Through innovative technological advancements in hydraulic fracturing and a stronger pipeline network, the U.S. is set to increase its domestic energy production and significantly reduce its reliance on petroleum and other liquid fuels. According to AEO2014, the average expected WTI spot crude price will be $107 USD/barrel (Bbl) (in 2012 dollars) until 2025, whereas the Brent crude oil spot prices for the same period will be traded at $109 USD/Bbl (in 2012 dollars) for the same period.3 This slight price increase for only WTI in a short-term projection demonstrates how strong supply is going to dominate tepid demand, causing price stability in the market. In 2014, WTI crude prices are likely to stay stable, with a $9 USD/Bbl buffer to spread across the next 10 years according to the latest projections in the AEO2014 Reference case.

Now let’s compare short-term price predictions for different commodities. The first energy basket contains prices for the following energy commodities in 2013: WTI crude, PRB coal, Henry Hub natural gas, and PJM electricity. In the second basket, the following non-energy commodities are included: gold, silver, aluminum, copper, soybean, wheat, corn, and sugar.

Figure 5: ZEMA Dashboard cross-commodity comparison in the U.S., 2012–2013 (NYMEX)

The ZEMA graphs above display NYMEX future settlements data for selected energy and non-energy commodities against annual average prices (represented with a grey line). The first row of graphs shows energy commodities; these commodities’ weekly price average movements are depicted against the annual price average. All selected energy commodities prices went up in 2013 as compared to 2012: WTI crude increased by 4%; PRB coal increased by 19%; Henry Hub natural gas increased by 32%; and day-ahead electricity prices in PJM increased by 13%. On the other hand, metals prices, which are displayed in the second row, dropped rather harshly (gold by 16%, silver by 24%, aluminum by 8%, and copper by 7%). Furthermore, agricultural prices, shown in the bottom row, fell slightly as soybean, wheat, corn, and sugar dropped by 3%, 10%, 17%, and 21% respectively.

Overall, then, the prices of major energy commodities in the U.S. increased in 2013 when compared to 2012 levels, while the prices of non-energy commodities took a dive in the same period. In the past, crude oil price changes were directly correlated with the price of other commodities. This is not the case anymore! This positive correlation does not exist in the U.S., which suggests that non-energy commodity sector prices are responding to other factors. As such, the slight projected increase in 2014 U.S. crude oil prices is likely to have miniscule, if any, impact on the rise of non-energy commodity prices in 2014.
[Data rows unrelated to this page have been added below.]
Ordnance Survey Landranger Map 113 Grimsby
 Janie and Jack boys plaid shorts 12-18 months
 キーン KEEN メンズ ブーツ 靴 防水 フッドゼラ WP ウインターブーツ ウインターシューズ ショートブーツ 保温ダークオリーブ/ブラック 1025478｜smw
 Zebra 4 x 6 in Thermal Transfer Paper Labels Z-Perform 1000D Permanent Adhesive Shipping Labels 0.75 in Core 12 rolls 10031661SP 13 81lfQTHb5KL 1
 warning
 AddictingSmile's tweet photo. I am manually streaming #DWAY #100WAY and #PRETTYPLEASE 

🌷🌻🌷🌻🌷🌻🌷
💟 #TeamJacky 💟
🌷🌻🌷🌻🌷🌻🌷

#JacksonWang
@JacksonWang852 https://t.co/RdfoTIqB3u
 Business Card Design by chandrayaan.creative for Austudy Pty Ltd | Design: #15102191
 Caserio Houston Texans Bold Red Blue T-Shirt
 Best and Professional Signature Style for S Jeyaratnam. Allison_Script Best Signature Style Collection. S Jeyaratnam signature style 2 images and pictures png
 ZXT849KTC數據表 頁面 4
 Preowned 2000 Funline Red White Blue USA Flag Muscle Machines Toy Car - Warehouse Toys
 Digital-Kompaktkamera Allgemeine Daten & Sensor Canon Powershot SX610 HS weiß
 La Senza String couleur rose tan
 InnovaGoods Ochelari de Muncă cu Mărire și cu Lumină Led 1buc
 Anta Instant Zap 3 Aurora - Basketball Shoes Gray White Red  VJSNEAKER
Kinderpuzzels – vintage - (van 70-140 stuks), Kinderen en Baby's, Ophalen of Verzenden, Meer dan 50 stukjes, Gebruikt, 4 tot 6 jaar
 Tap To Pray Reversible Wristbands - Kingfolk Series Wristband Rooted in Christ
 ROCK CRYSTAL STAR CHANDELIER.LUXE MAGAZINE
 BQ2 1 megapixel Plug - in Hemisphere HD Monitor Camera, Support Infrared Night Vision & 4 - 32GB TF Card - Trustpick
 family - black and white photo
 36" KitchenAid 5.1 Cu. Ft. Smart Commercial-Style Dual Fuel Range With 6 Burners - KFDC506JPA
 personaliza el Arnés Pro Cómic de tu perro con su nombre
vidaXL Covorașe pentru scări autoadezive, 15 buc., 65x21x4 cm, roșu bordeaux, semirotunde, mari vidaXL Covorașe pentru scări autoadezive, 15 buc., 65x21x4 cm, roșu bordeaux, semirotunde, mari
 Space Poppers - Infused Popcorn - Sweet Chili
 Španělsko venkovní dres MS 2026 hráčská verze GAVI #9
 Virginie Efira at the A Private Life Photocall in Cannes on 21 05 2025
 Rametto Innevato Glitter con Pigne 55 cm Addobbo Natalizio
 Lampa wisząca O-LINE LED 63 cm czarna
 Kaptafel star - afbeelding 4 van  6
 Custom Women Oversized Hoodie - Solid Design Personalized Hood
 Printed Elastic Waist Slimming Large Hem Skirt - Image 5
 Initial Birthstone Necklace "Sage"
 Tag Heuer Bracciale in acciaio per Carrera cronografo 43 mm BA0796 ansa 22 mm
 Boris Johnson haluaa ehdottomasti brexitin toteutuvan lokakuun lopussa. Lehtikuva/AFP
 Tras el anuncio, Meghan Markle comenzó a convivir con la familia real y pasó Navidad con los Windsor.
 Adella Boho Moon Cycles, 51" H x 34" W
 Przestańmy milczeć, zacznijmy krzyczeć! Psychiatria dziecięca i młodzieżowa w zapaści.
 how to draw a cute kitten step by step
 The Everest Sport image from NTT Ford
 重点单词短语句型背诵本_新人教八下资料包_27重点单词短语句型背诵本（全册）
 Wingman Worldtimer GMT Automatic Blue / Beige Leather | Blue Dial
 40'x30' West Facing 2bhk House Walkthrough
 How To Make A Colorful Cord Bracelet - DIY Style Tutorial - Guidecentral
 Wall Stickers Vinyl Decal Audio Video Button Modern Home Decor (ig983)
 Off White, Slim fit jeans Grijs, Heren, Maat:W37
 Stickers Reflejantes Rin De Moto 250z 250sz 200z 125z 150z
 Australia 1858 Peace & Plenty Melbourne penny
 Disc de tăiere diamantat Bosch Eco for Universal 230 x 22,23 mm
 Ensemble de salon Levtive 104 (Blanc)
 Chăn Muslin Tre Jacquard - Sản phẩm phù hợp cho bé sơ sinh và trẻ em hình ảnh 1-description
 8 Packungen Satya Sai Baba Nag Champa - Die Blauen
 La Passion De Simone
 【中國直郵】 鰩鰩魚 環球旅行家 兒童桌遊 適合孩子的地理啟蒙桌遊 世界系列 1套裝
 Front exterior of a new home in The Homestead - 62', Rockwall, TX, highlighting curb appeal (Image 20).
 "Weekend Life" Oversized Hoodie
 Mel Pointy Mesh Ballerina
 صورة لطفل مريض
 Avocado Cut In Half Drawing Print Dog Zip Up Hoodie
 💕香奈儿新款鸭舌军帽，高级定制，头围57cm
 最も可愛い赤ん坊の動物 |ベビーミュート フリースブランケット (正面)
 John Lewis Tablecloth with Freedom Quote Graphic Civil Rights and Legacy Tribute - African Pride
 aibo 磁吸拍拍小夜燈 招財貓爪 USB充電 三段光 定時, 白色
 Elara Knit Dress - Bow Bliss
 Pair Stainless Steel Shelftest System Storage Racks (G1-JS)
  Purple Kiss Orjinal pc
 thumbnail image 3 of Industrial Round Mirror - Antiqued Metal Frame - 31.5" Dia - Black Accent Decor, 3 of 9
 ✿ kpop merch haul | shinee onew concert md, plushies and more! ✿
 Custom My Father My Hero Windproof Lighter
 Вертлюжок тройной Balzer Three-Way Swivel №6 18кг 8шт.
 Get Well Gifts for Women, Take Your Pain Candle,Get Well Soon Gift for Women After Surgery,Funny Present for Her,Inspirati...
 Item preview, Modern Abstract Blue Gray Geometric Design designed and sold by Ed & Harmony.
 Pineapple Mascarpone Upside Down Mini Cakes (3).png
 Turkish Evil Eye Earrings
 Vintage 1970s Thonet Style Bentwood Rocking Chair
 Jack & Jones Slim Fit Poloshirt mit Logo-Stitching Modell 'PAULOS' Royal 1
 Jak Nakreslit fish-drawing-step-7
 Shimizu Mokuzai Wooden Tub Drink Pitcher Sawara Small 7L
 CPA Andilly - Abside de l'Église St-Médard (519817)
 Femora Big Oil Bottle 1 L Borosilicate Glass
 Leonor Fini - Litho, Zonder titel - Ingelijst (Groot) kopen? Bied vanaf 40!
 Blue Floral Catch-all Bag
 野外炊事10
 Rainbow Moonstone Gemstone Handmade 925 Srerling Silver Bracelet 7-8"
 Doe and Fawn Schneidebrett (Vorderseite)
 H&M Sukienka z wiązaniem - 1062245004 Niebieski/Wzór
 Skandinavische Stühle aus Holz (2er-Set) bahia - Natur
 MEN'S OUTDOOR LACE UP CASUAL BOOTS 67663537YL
As global energy trading shifts to non-OECD Asia, commodity market participants need to have access to relevant market data to assess market fluctuations caused by macroeconomic principles, trading patterns, and relevant pricing structures. One of the most prominent issues faced by energy market participants in particular is how energy generation, distribution, and consumption data can be transformed to serve a modern economy, as U.S. Energy Secretary Ernest Muniz mentioned in an attempt to highlight the energy challenges Americans face today.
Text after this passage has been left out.